I had the privilege Saturday to chronicle The Race for the Cure event in Greenville, SC. When Krista Bannister came by our store a few weeks ago and asked me for help, I knew I was being asked to be a part of something special.
Saturday, there were all kinds of photographers there, so I figure that most if not all of the expected usual photographs would be made and well covered for newspapers, etc.. So that being said, I photographed the event a bit differently. In my view, something like this is so much bigger than any one person. Yes, there are tons of thank yous due to all the people who selflessly volunteered to make it all happen. There are big thank yous due to corporations, runners and individual donors, etc… But what was it about this event which was so important to them? For a runner was it coming to the finish line first? For a business was it only the marketing and recognition that motivated them? Perhaps a few did it for this, but for most, I don’t think so. The photographs really speak to something else. See for yourself:
I focused on the overall event and not individuals. You will notice that many of my people photographs in this series are soft and blurred. It is intentional. I didn’t want the emphasis of this work to be any one person. I wanted it to be on how people working together can make a difference. When you see the images, I want you to see what happens when thousands of people put their mind to something and think big. No one person could have pulled something like this off. Yes, the origin of the idea came from a promise between two people, and change typically begins with one person who is willing to stand up. But at the same time, I wanted the viewer to see and understand the power of people coming together.

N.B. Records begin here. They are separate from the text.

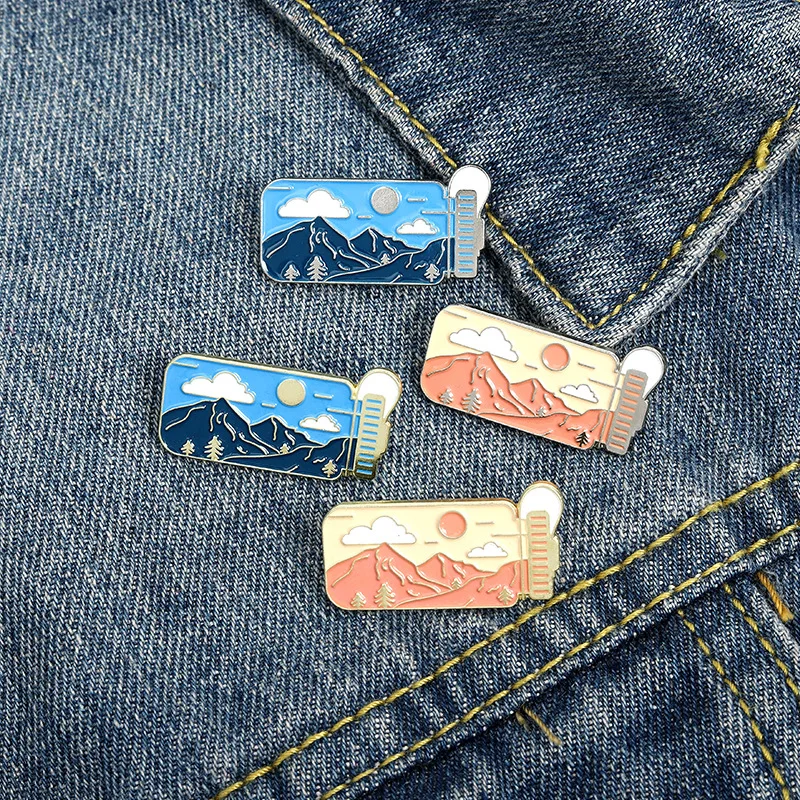 Landscape Cloud Mountain Peak Brooch Creative Water Cup Travel Cup Space Cup Shape Brooch Lapel Pins Cartoon Cute Outdoor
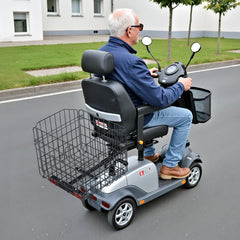 VEVOR Scooter Rear Basket, Folding Metal Wire Basket, Heavy Duty & Spacious Cargo Basket, Works with 1-inch Receiver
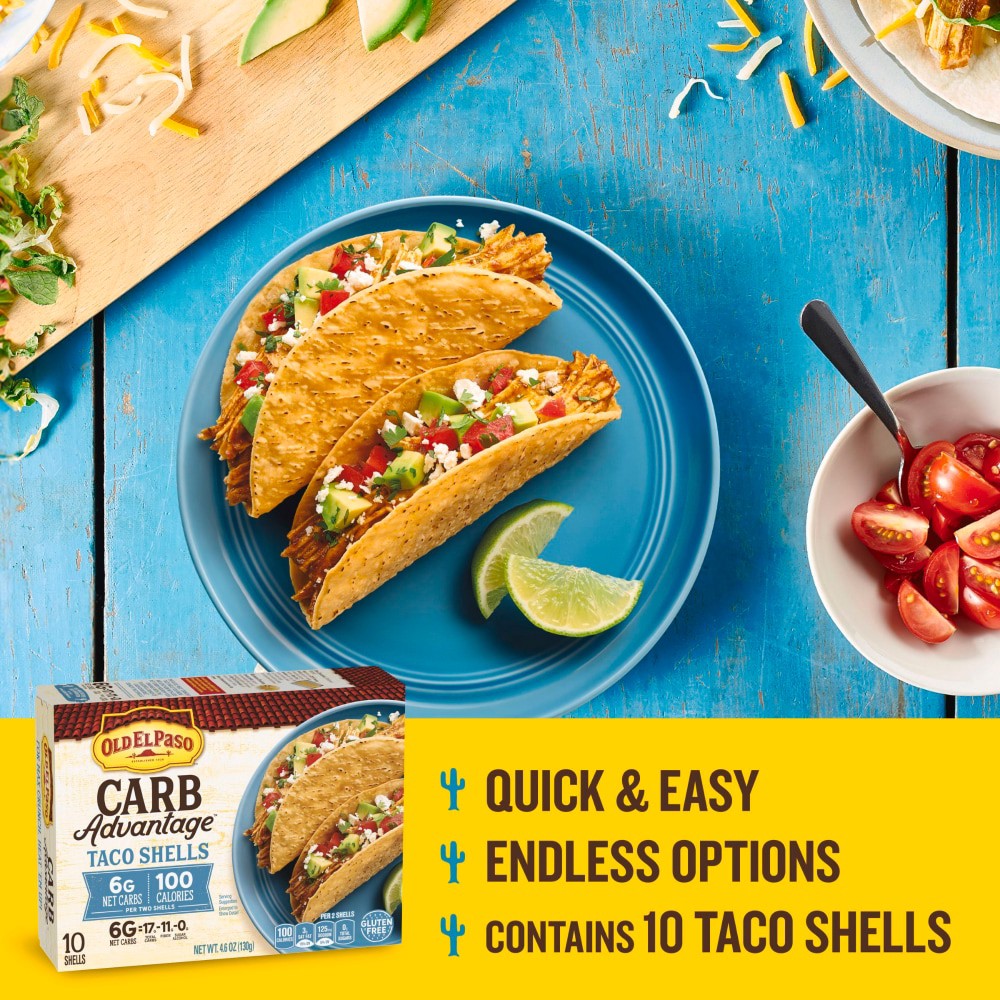slide 2 of 6, Old El Paso Carb Advantage Crunchy Taco Shells 10 Count 4.6 Ounces, 4.6 oz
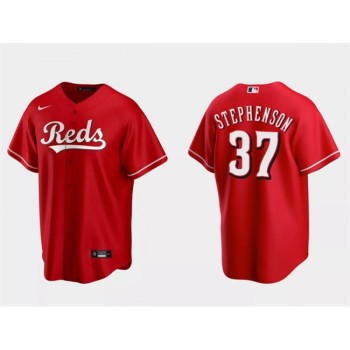 Men's Cincinnati Reds #37 Tyler Stephenson Red Cool Base Stitched Baseball Jersey Men's Cincinnati Reds #37 Tyler Stephenson Red Cool Base Stitched Baseball Jersey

The day of the race, for me, was not about who would win the race. It was about what caused all these Greenville people showed up downtown so very early and what their motivation was.
The most beautiful people were not the young who were there volunteering. They were not the the runners, or the cheerleaders or the entertainment. The most beautiful people there were the ladies in pink. Greenville’s precious cancer Survivors. Inside and out they were a joy to talk with and be around. Each of these ladies in pink had survived a very tough battle in life; breast cancer. I can’t say that I have a clue what it must be like to have made it through such a trial. I can’t begin to understand what they and their families have lived through. But standing there and having my small understanding of what they were able overcome amazed me and sent chills down my spine. As I looked into the eyes of each of these girls, there was something very special about them. It made me appreciate life, but even more it made all of my supposed-trouble seem so very small and unimportant. I am grateful to have been with them.
This summer, one of our brides Ruthie Nichols-Ivester was diagnosed with Breast Cancer just before her wedding. Right after her honeymoon, she went into treatments. She is currently taking treatments and seems to be doing well (thank goodness). When things like that happen, it really draws you closer to a cause and brings awareness.
These girls in Pink are wonderful people. After being around them a bit, I realized that I have known some of these ladies for years. Some are new acquaintances. Each of us somehow are connected to them. These women are our friends, family and neighbors. They all have a very special place in my heart. A tough an wonderful group of girls.
There is a photograph of one pink balloon that is flying away. As I watched it float away, I wondered who did that balloon represent?
Thank you Krista for allowing me to be a part of something so cool and so important!